Short text fragments from websites:
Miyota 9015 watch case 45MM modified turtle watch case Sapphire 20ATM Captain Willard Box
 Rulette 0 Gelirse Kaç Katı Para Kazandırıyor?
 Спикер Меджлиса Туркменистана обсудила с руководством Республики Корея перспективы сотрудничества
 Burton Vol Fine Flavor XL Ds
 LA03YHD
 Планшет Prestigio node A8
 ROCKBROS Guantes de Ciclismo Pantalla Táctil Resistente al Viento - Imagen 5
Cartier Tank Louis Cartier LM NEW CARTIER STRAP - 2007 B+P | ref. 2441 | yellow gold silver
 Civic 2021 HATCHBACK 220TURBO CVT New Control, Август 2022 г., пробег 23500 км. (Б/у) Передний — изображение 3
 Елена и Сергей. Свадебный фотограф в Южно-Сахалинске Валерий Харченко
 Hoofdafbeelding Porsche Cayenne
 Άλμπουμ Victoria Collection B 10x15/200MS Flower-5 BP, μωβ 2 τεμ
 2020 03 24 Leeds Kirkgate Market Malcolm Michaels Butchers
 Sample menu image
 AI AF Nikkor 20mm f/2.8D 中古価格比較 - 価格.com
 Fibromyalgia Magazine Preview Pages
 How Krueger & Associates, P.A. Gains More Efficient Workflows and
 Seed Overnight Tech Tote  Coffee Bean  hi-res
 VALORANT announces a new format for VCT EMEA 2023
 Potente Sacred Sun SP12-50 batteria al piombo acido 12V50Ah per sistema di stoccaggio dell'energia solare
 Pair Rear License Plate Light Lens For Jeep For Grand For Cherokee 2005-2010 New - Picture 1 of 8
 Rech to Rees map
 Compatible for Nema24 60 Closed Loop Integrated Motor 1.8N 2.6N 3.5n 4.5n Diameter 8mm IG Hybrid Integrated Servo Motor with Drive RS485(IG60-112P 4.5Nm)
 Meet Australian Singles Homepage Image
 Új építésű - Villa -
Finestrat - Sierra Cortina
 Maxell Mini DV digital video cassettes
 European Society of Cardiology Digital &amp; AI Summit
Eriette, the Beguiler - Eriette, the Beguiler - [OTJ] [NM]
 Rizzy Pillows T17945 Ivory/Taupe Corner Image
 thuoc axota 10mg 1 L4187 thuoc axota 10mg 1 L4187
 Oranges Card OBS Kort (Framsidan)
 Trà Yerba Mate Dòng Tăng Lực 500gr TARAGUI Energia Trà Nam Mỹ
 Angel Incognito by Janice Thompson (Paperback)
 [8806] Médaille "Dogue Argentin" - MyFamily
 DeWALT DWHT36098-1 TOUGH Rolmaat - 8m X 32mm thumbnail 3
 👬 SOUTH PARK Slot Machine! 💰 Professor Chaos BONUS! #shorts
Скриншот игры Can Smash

### TASK OBJECTIVE
Repeat the data word for word, starting at its first line and stopping after the line that contains "Елена и Сергей.".

### TASK OUTPUT
Miyota 9015 watch case 45MM modified turtle watch case Sapphire 20ATM Captain Willard Box
 Rulette 0 Gelirse Kaç Katı Para Kazandırıyor?
 Спикер Меджлиса Туркменистана обсудила с руководством Республики Корея перспективы сотрудничества
 Burton Vol Fine Flavor XL Ds
 LA03YHD
 Планшет Prestigio node A8
 ROCKBROS Guantes de Ciclismo Pantalla Táctil Resistente al Viento - Imagen 5
Cartier Tank Louis Cartier LM NEW CARTIER STRAP - 2007 B+P | ref. 2441 | yellow gold silver
 Civic 2021 HATCHBACK 220TURBO CVT New Control, Август 2022 г., пробег 23500 км. (Б/у) Передний — изображение 3
 Елена и Сергей. Свадебный фотограф в Южно-Сахалинске Валерий Харченко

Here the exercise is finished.